#### Records provided

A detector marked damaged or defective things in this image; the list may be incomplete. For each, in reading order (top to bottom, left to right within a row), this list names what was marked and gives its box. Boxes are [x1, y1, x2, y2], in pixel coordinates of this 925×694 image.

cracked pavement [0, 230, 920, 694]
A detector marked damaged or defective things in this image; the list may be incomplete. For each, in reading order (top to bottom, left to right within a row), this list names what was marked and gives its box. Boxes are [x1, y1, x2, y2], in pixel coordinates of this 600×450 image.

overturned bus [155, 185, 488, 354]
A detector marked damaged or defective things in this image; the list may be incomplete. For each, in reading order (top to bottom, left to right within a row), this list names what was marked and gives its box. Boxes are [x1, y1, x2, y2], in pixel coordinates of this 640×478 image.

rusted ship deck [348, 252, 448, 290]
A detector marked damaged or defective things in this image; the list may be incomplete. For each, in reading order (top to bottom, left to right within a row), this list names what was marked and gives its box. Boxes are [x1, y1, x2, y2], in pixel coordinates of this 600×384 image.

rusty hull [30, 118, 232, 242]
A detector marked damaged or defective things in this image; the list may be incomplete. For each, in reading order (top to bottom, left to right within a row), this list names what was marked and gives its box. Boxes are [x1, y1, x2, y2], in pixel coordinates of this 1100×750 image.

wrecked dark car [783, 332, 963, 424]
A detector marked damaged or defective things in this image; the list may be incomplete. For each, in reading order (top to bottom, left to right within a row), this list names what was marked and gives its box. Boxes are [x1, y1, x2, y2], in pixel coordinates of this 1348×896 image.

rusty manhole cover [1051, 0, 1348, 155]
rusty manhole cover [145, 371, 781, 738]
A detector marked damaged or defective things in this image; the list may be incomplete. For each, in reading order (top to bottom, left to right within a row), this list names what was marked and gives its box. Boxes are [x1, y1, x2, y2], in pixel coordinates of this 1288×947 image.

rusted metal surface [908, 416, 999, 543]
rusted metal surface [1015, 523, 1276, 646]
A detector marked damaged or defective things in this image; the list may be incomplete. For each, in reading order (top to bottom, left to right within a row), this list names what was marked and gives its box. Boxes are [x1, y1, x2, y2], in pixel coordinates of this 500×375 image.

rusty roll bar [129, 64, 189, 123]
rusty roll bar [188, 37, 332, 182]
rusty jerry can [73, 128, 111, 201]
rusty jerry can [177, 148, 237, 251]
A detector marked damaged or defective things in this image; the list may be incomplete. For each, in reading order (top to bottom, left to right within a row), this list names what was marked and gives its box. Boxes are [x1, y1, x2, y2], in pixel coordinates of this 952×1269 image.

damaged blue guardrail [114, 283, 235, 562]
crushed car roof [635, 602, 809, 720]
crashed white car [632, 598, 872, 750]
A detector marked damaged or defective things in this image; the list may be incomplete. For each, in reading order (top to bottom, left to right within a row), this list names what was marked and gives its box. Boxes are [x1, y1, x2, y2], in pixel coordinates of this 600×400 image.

########

- [Problem description]: Every entry shown above should be written out again without a single difference.

- [Reply]:
A detector marked damaged or defective things in this image; the list may be incomplete. For each, in reading order (top to bottom, left to right within a row), this list names what was marked and gives its box. Boxes are [x1, y1, x2, y2], in pixel coordinates of this 925×694 image.

cracked pavement [0, 230, 920, 694]
A detector marked damaged or defective things in this image; the list may be incomplete. For each, in reading order (top to bottom, left to right within a row), this list names what was marked and gives its box. Boxes are [x1, y1, x2, y2], in pixel coordinates of this 600×450 image.

overturned bus [155, 185, 488, 354]
A detector marked damaged or defective things in this image; the list may be incomplete. For each, in reading order (top to bottom, left to right within a row), this list names what was marked and gives its box. Boxes are [x1, y1, x2, y2], in pixel coordinates of this 640×478 image.

rusted ship deck [348, 252, 448, 290]
A detector marked damaged or defective things in this image; the list may be incomplete. For each, in reading order (top to bottom, left to right within a row), this list names what was marked and gives its box. Boxes are [x1, y1, x2, y2], in pixel coordinates of this 600×384 image.

rusty hull [30, 118, 232, 242]
A detector marked damaged or defective things in this image; the list may be incomplete. For each, in reading order (top to bottom, left to right within a row), this list names what was marked and gives its box. Boxes are [x1, y1, x2, y2], in pixel coordinates of this 1100×750 image.

wrecked dark car [783, 332, 963, 424]
A detector marked damaged or defective things in this image; the list may be incomplete. For each, in reading order (top to bottom, left to right within a row), this list names what was marked and gives its box. Boxes are [x1, y1, x2, y2], in pixel coordinates of this 1348×896 image.

rusty manhole cover [1051, 0, 1348, 155]
rusty manhole cover [145, 371, 781, 738]
A detector marked damaged or defective things in this image; the list may be incomplete. For each, in reading order (top to bottom, left to right within a row), this list names what was marked and gives its box. Boxes are [x1, y1, x2, y2], in pixel coordinates of this 1288×947 image.

rusted metal surface [908, 416, 999, 543]
rusted metal surface [1015, 523, 1276, 646]
A detector marked damaged or defective things in this image; the list may be incomplete. For each, in reading order (top to bottom, left to right within a row), this list names what was marked and gives its box. Boxes are [x1, y1, x2, y2], in pixel coordinates of this 500×375 image.

rusty roll bar [129, 64, 189, 123]
rusty roll bar [188, 37, 332, 182]
rusty jerry can [73, 128, 111, 201]
rusty jerry can [177, 148, 237, 251]
A detector marked damaged or defective things in this image; the list may be incomplete. For each, in reading order (top to bottom, left to right within a row), this list names what was marked and gives its box. Boxes are [x1, y1, x2, y2], in pixel coordinates of this 952×1269 image.

damaged blue guardrail [114, 283, 235, 562]
crushed car roof [635, 602, 809, 720]
crashed white car [632, 598, 872, 750]
A detector marked damaged or defective things in this image; the list may be incomplete. For each, in reading order (top to bottom, left to right within a row), this list names what was marked and gives its box. Boxes are [x1, y1, x2, y2], in pixel coordinates of this 600×400 image.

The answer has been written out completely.